Moi cieśle i dekarze w jednym podczas montażu więźby swoje piły osttrzyli zwykłym okrągłym pilnikiem i było OK. W punkcie usługowym ponoć kosztuje to około 10 zł.  tak więc  chyba nie warto wydawać 120 zł na przyrząd. Lepiej kupic drugi łańcuch na zmianę.

----------


## Marzin

> Witam,
> 
> Jak ostrzycie łańcuch w pilarce do drewna ??
> 
> znalazłem takie coś:
> - http://www.forester.pl/go/_info/?id=11
> 
> i mam pytanie czy to coś jest warte ? czy to zabawka   
> 
> bo tak "pilniczkiem od ręki", to męczące, i podejrzewam niezbyt precyzyjne


Pójdź do Stihla i zapytaj o prowadnik do ostrzenia łańcucha. Są trzy rodzaje.
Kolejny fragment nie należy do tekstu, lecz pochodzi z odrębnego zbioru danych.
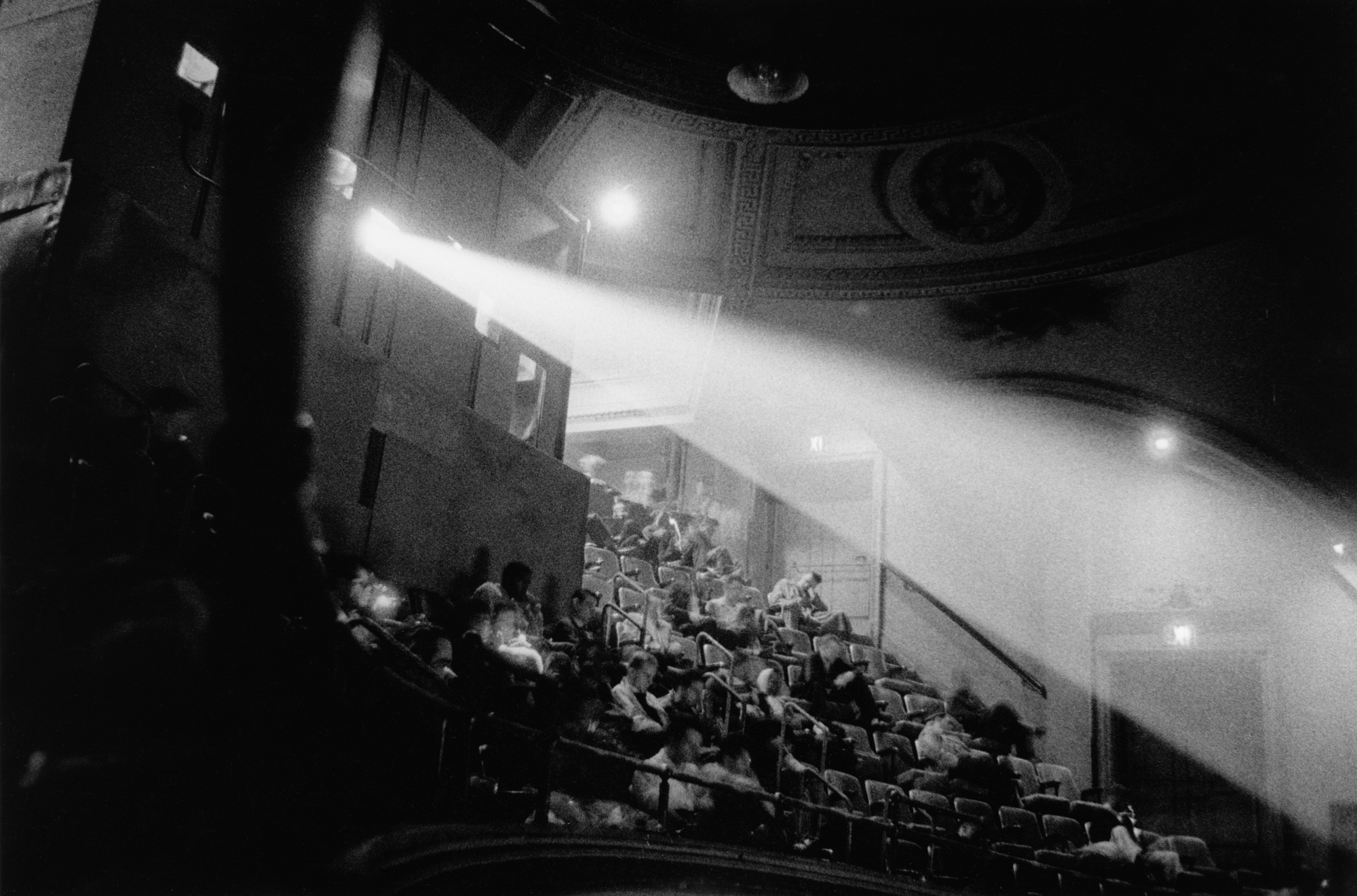 Diane Arbus 1923-1971. Колосс Нью-Йорка 1958. Forty second Street. Audience movie.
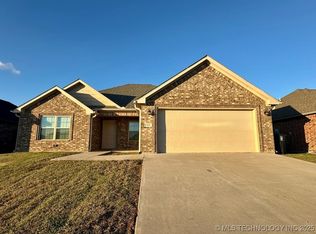 3608 Prairie Xing, Durant, OK 74701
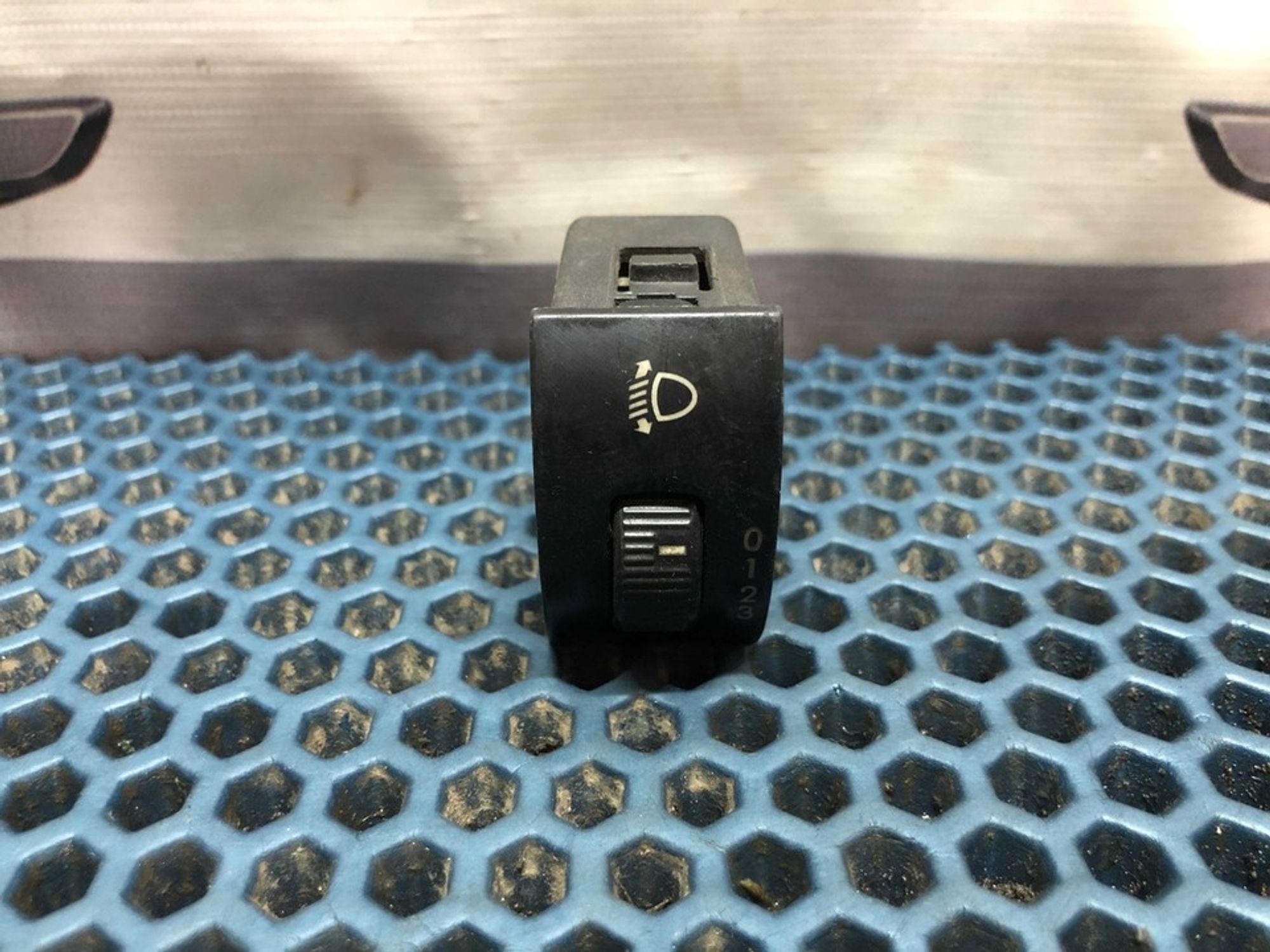 96237724 Кнопка корректора фар Daewoo Nexia I, 300 рублей, Нижний Новгород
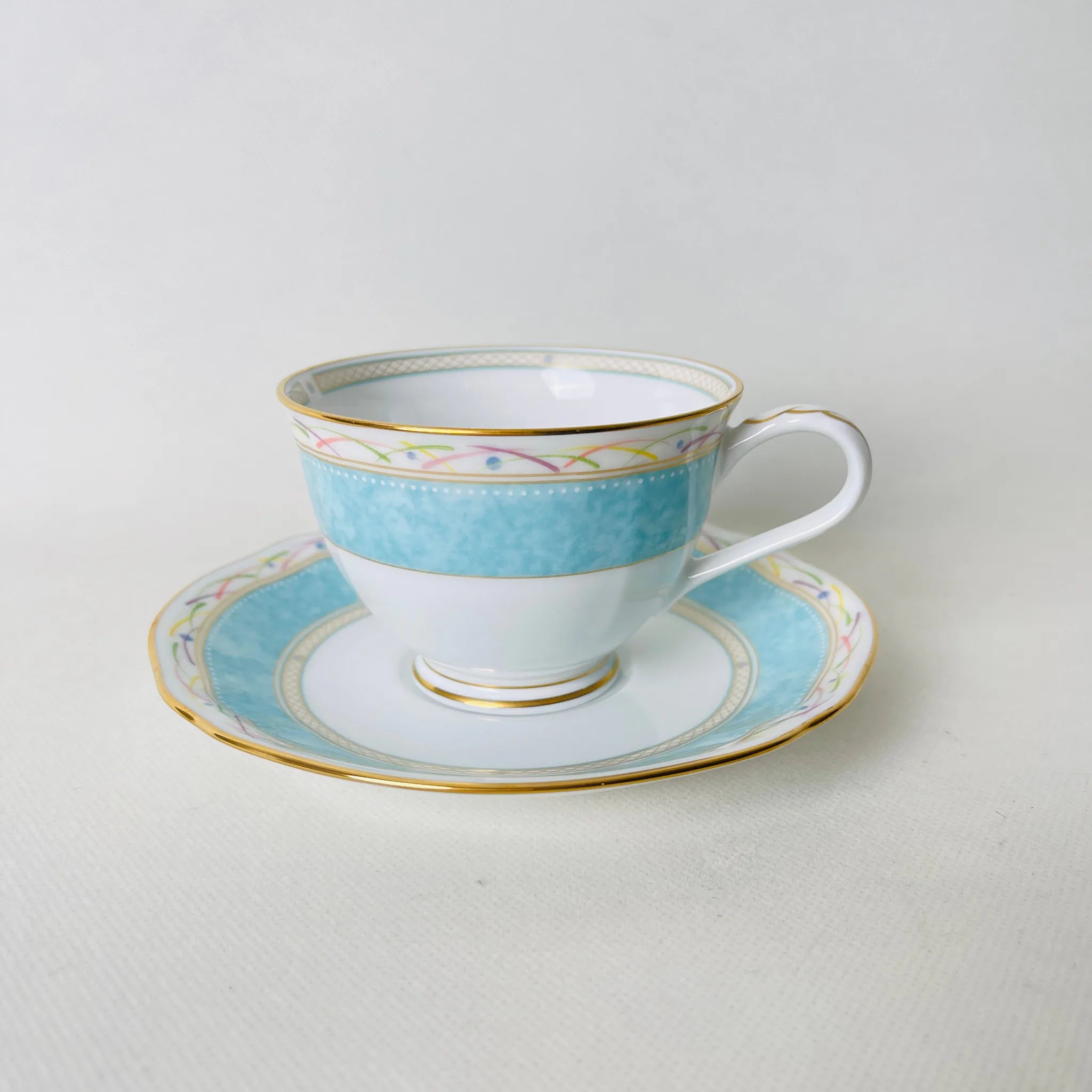 【リユース】 ペアティーカップ / Noritake(ノリタケ) / 華麗句(HANAREIKU) / 日本 / 未使用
Do pilników:
fi 4mm (małe ogrodowe piły, o podziałce 3/8")
fi 4,5 (4, :cool:  mm (średnie piły, o podziałce .325")
fi 5,2 mm (duże piły, podziałka 3/8")

Jest to proste urządzonko, koszt jakieś 30 PLN. Sam to użytkuję.

----------


## gogo5660

O kurde jaki sprzecior... a u mnie zwykly okragly pilniczek  :cry:

----------


## bigmario4

http://www.allegro.pl/item200922464_...a_gratis_.html

A ja mam takie coś sprawdza sie i jest super.Kupiłem jesieną i już mi sie zwróciło  :Lol:

----------


## basset

A ja oddaje lancuch do serwisu, 7 zl i po klopocie. Nie ostrze za czesto.

----------


## Hucho

Ja daję do serwisu w Castoramie za 6 zł.

----------


## slawek_wlkp

Ja tam używam tylko pilnika, przynajmniej widzę co robię, 
kiedyś próbowałem ostrzyć przy użyciu prostych prowadnic i jakoś nie podeszło mi to.

----------


## T-rex

z serwisem to bym chyba zbankrutował   :big tongue:  

a ta prowadnica całkiem ciekawie wyglada ...  :smile:

----------


## Witos

Łańcuch do pilarki ostrzy się pilnikiem okrągłym wykonując ruch posuwisty do przodu z jednoczesnym obrotem. Nie cofamy pilnika w zębach. pilnik ustawiamy pod kątem ostrza zęba.Cztery ruchy i ząb naostrzony. Ot cała filozofia. No chyba ze ktos lubi ciąć w piachu to moze odrazu nowy łańcuch kupic bo zęba nie wyprowadzi.

----------


## hes

Łańcuchy do piły ostrzę na zwyklej szlifierce stolowej cienką 3 mm tarczą
ze spoiwem gumowym ( nie taką jak do szlifierki kątowej !!!) Krawędż tarczy 
wcześniej trzeba ukształtować diamentem na półokrąglo. Wymagana pewna
wprawa, ale idzie doskonale. Acha, na szlifierce mam prawe i lewe obroty,
czasami się to przydaje.

----------


## T-rex

natrafilem na pare gwozdzi dzisiaj - i pilnikiem mi to niebardzo szlo   :Roll:  

a jak wyglada sprawa ogranicznikow glebokosci ciecia ?? - podobno sie je tez wyrownuje

----------


## Krisker

> natrafilem na pare gwozdzi dzisiaj - i pilnikiem mi to niebardzo szlo   
> 
> a jak wyglada sprawa ogranicznikow glebokosci ciecia ?? - podobno sie je tez wyrownuje


Stihl sprzedaje przymiar, dzięki któremu można przypiłować ogranicznik (ma też inne zastosowania).

----------


## długi

> A ja oddaje lancuch do serwisu, 7 zl i po klopocie. Nie ostrze za czesto.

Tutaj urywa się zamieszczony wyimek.